EXERCISE MATERIALS
════════════════

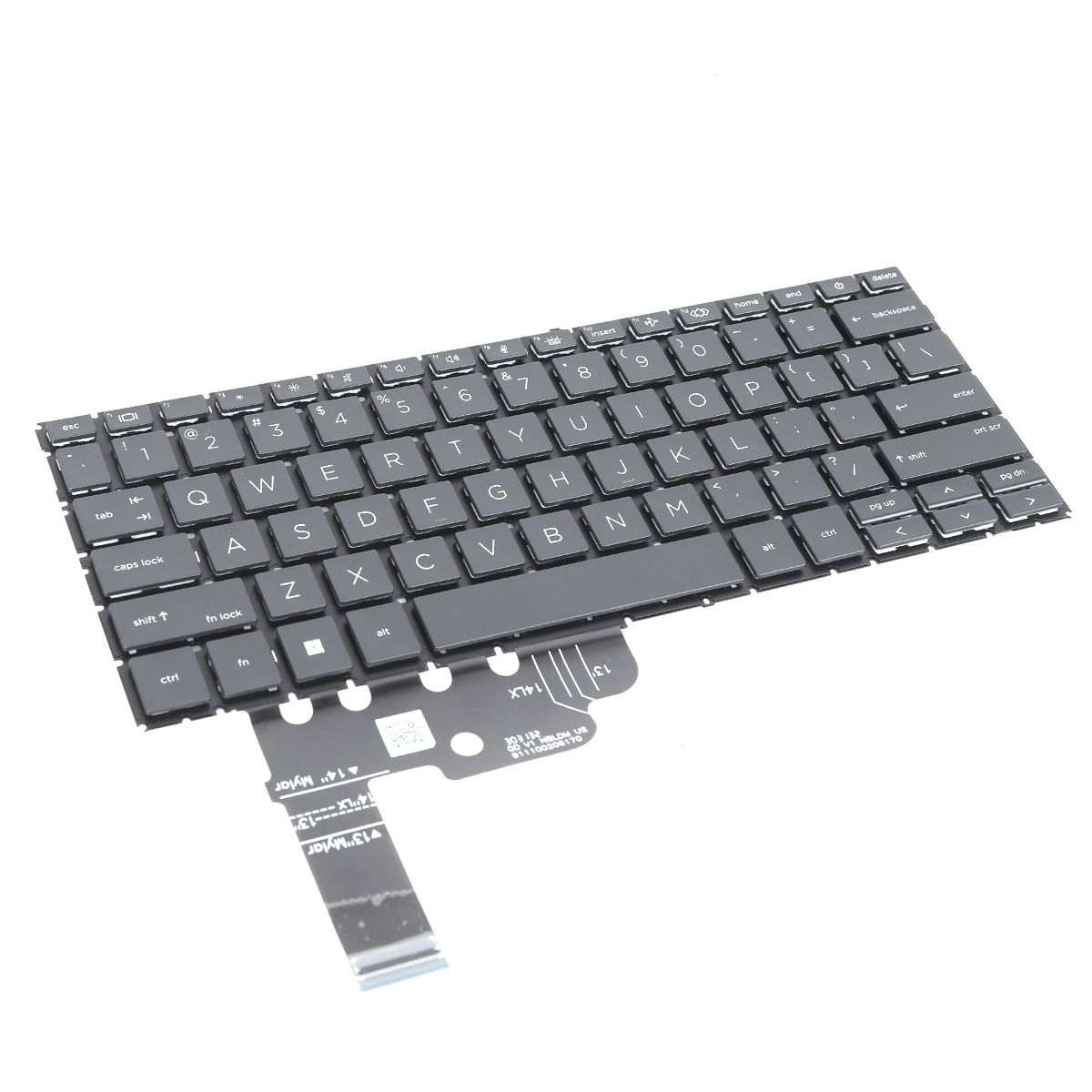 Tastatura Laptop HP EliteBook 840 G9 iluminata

════════════════

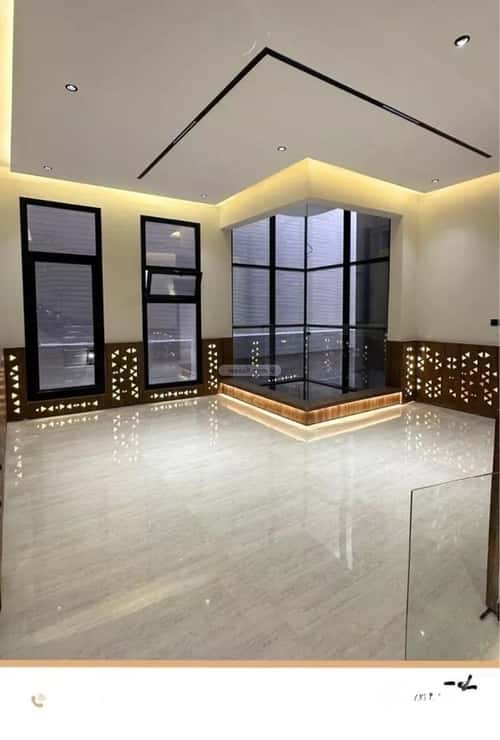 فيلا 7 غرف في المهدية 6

════════════════

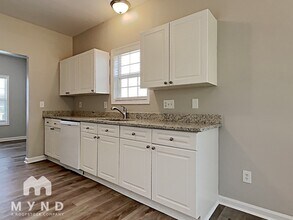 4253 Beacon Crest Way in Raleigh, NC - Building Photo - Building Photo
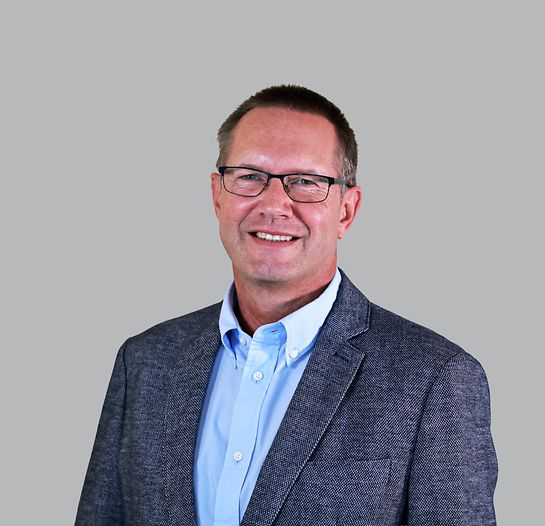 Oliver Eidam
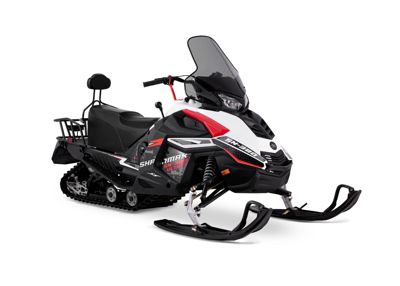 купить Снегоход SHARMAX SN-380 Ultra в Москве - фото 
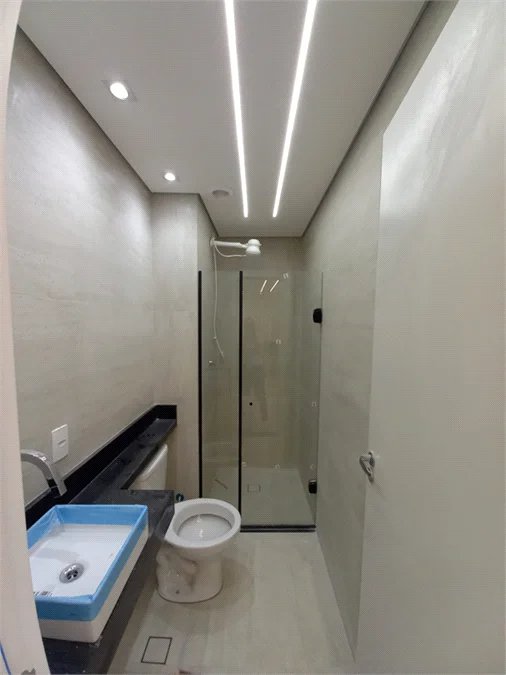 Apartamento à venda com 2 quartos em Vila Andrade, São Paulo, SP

════════════════

REQUIRED ACTION
Output exactly those lines of the data above that run from the line with "4253 Beacon Crest" up to and including the line with "Apartamento à venda". No pictures go in.

OUTPUT FOR THIS EXERCISE
 4253 Beacon Crest Way in Raleigh, NC - Building Photo - Building Photo
 Oliver Eidam
 купить Снегоход SHARMAX SN-380 Ultra в Москве - фото 
 Apartamento à venda com 2 quartos em Vila Andrade, São Paulo, SP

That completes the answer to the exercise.